LOS ANGELES (Reuters) - Less than half of utility executives support the Obama Administration’s plan to make the United States a leader on climate change and are concerned about the impact related policies will have on industry profits, according to a survey released on Monday.
The study, conducted by consulting firm Capgemini and energy information service Platts, surveyed more than 100 executives in the U.S. and Canadian electric and natural gas industries.
More than half of the respondents, about 54 percent, said they expect the Obama administration’s energy policies to have a significant impact on the industry’s profitability.
Utility executives were most supportive of the administration’s efforts to promote safe and secure nuclear energy (88 percent) set national building efficiency standards (79 percent), promote domestic production of natural gas (77 percent), invest in smart grid technology (74 percent), reduce federal energy consumption (69 percent) and develop so-called clean coal technology (70 percent).
Administration policies executives were least supportive of include a plan that would require 10 percent of electricity to come from renewable sources by 2012 (39 percent), a cap and trade program to reduce greenhouse gases (43 percent), constructing the Alaska natural gas pipeline (45 percent), investing in a clean energy economy to create green jobs (48 percent), and making the U.S. a leader on climate change (46 percent).
John Christens, vice president of Capgemini’s energy and utilities practice, said executives’ concerns haven’t changed dramatically in recent years. Rather, the new administration has pushed many potential new energy and environment regulations to the forefront.

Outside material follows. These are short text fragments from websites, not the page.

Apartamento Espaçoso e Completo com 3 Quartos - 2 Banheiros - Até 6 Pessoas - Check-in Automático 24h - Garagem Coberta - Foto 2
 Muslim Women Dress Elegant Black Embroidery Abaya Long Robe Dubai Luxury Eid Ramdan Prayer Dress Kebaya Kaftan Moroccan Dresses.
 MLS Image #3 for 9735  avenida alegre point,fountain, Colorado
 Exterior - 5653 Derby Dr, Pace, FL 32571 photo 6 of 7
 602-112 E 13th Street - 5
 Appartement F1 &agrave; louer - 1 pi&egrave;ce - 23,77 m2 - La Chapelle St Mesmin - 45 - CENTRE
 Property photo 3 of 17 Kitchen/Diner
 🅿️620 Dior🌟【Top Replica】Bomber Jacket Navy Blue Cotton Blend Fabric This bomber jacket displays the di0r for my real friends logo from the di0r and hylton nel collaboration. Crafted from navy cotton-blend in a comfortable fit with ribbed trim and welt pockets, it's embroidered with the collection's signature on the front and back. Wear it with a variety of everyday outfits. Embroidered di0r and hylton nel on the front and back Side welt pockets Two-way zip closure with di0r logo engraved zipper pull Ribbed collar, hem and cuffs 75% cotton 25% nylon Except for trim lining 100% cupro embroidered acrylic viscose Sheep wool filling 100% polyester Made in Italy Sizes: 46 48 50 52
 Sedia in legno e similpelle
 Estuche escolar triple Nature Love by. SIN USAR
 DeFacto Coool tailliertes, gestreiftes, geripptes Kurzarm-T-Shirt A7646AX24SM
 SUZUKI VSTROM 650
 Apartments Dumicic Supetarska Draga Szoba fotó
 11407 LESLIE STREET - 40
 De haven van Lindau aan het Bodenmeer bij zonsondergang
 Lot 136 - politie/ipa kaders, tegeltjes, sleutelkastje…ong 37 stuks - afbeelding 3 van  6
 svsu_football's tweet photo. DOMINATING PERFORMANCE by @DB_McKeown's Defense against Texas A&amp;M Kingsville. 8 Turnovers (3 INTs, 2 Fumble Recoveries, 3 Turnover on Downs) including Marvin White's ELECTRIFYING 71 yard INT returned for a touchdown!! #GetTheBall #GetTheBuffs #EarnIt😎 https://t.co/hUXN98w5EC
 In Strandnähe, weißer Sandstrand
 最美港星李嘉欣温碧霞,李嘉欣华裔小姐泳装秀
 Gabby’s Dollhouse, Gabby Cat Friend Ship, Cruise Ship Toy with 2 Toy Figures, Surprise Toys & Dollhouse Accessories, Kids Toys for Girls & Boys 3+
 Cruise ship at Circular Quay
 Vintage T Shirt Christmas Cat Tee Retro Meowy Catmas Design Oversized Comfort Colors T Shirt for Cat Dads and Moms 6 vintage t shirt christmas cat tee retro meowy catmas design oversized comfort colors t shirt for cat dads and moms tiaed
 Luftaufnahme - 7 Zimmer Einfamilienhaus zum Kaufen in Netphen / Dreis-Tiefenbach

“All of those things have been out there and have been concerns, but this year clearly people consider some or all of those as eventualities,” Christens said in an interview. “The concern now seems to be more around, is the federal government going to implement these things in such a way that we stay healthy as businesses.”
Uncertainty surrounding carbon regulation and the recovery of related costs through local utility rates were cited as the industry’s top two challenges, the survey said.